When I think of the committees responsible for selecting films to be shown in their festival, I imagine a round table of elitist men with white beards, trying to decide what could be profitable. But that’s probably not at all accurate. The masterminds behind film festivals have to work very hard to select a handful out of thousands of entries. Similar to curating an art exhibit, these committee members have to decide which movies fit into the “indie” criteria, which we all know is hard to define. So, how do they do this?
Essentially, since the term “indie” is so loose and mysterious, these film festival officials make their own assessments as to what the word entails. Usually they try to select artistic, groundbreaking films that differ from the mainstream. Newman states that these members who choose what will be screened at these festivals, act like God in deciding what will be the ultimate in indie films that year. By choosing these films, they are equating these indie films with “the highest artistic echelon of international filmmaking.” These festival officials try to maintain their indie cred by staying away from anything that may resemble “mainstream”. However, based on some comments on the Sundance webpage, they have been criticized for giving too much attention to big budget films, which, to some, negates the “indie” label. Alternatively, Newman cites Kenneth Turan, who states that some movies get into these film festivals simply because they have no chance of making it elsewhere: they make the cut “because they will never reach a wider audience.”

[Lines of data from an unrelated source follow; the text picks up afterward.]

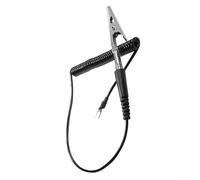 Abrazadera de conexión a tierra de alambre de resorte Clip de cable de tierra para TS80 y para soldadores TS100, cable antiestático de 1 5 m con terminal tipo U para aplicaciones de soldadura
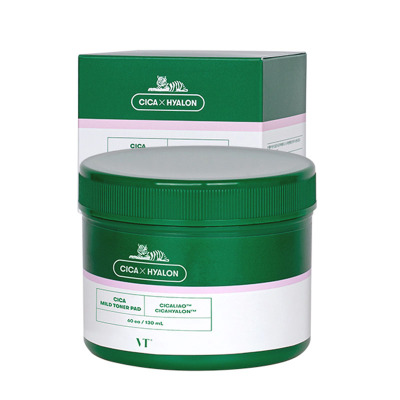 韩国VT薇缔积雪草清洁棉片60片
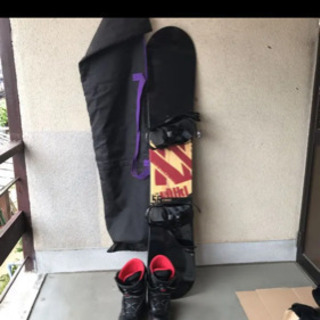ボードセット (板、ケース、ブーツ、ビンディング)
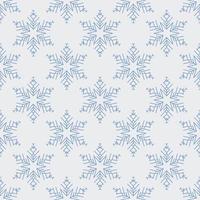 seamless snowflake pattern vector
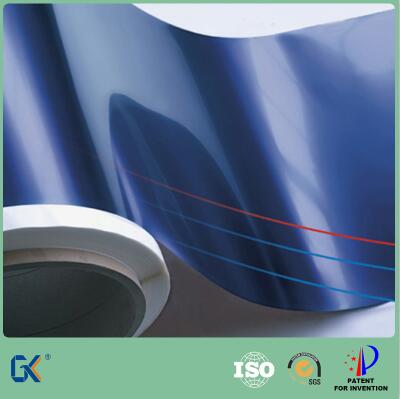 Blue titanium aluminum solar coating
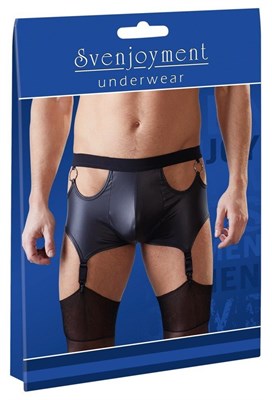 Трусы-джокеры Svenjoyment Mister B с пажами мужские черные, L 00000014847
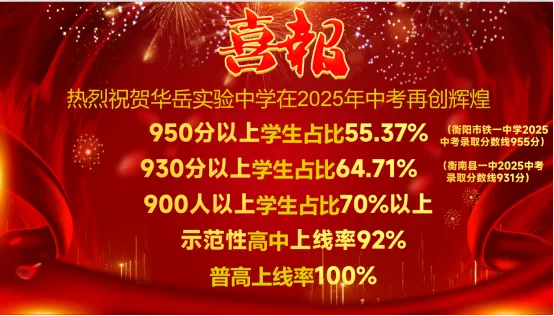 硬核!衡阳这所中学连续7年中考人平分第一 第3张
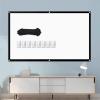 180/200 Inch Projector Screen, 16:9 HD Projector Screen, Support Double Sided Projection, with Bag And Rope, Portable Foldable Screen Anti-Crease Indoor Outdoor Projector Movies Screen(200inch) view 1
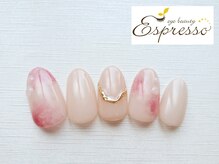 エスプレッソ アイビューティーアンドネイル 新百合ヶ丘店(Espresso)/桃ネイル　ももネイル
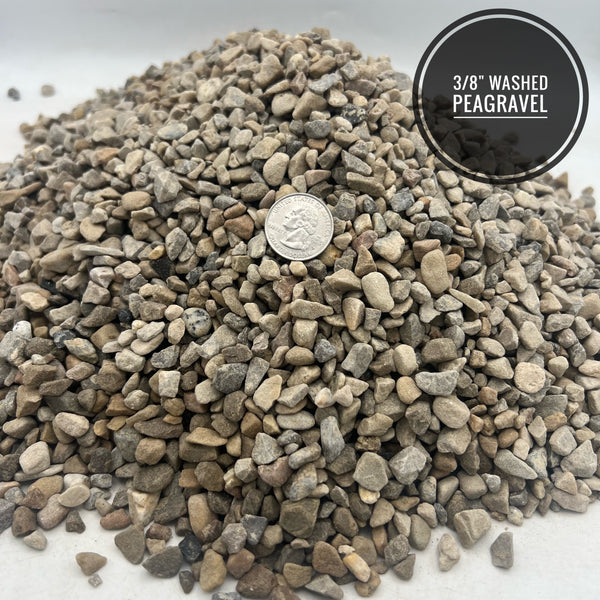 3/8" Washed Peagravel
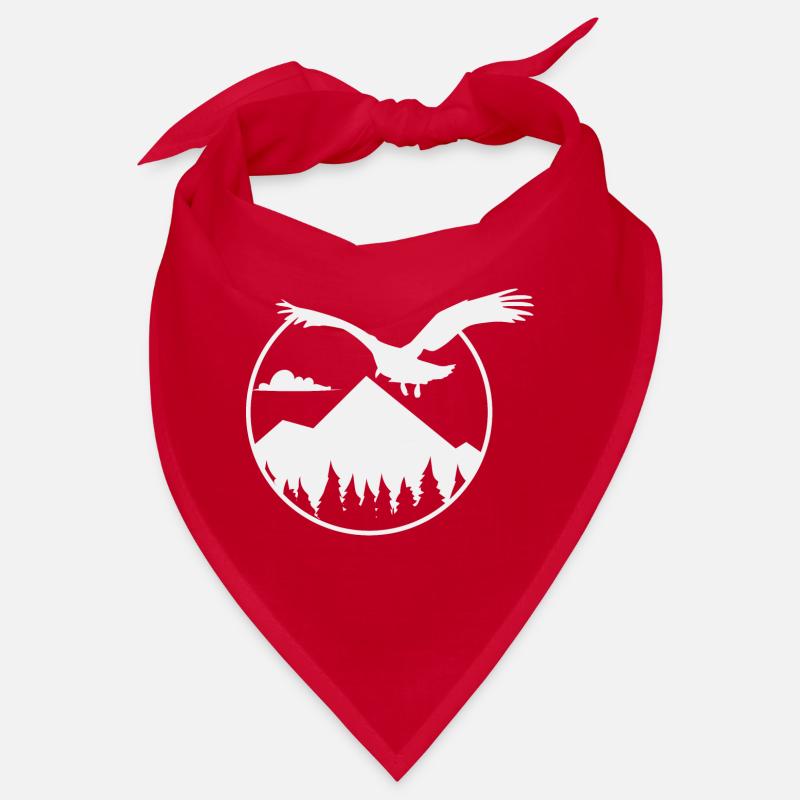 Adler und Berge - Eagle and Mountain Bandana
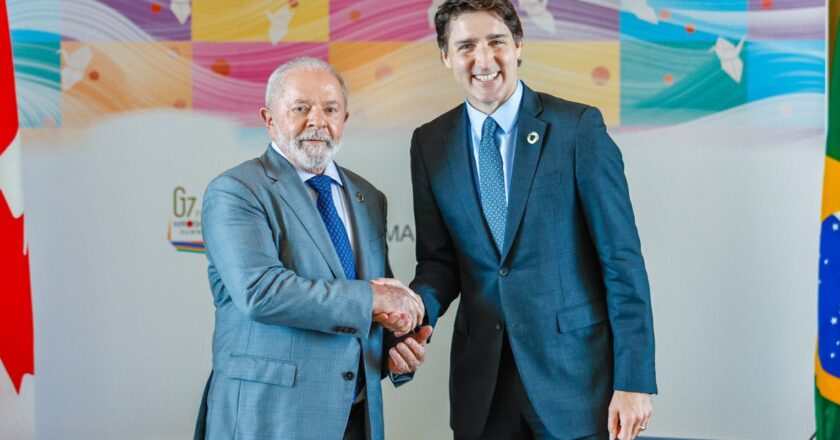 Com premiê do Canadá, Lula falou de meio ambiente, comércio e Ucrânia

In January 2011, Sundance premiered one of my favorite indie films Like Crazy. Starring Anton Yelchin (Star Trek, Charlie Bartlett) and Felicity Jones (British films I’ve never heard of), this is a modern, realistic take on a typical romance that is basically everything (500) Days of Summer failed to be. Sundance’s role in this film’s life was essential. Because of the festival, it came onto my radar through the social media site, Tumblr. Because of all the reblogged quotes and heart wrenching screen caps, I was able to garner interest in the movie. Once it was available on Netflix, I immediately watched it and became just as infatuated as the others on the site. As it turns out, at the festival, the film was purchased for $4 million by Paramount and Indian Paintbrush, which allowed it to flourish outside of Sundance. It went on to play at more festivals throughout the US, Canada and Europe.
Because of its reputation, those who choose films for Sundance have to choose films that are quintessentially indie but can also make money. The festival is a springboard to get these names out into a wider audience and show films that might otherwise never be seen. These festivals establish which indie films are considered exemplary by a process of determining a fine balance between indie and profitable. I think Like Crazy is a good example of this because it is indie in that the plot is character driven, the script is partially improvised and a low budget ($250,000) but it also had the potential to be a crossover hit because of its heart wrenching story line and beautiful cinematography.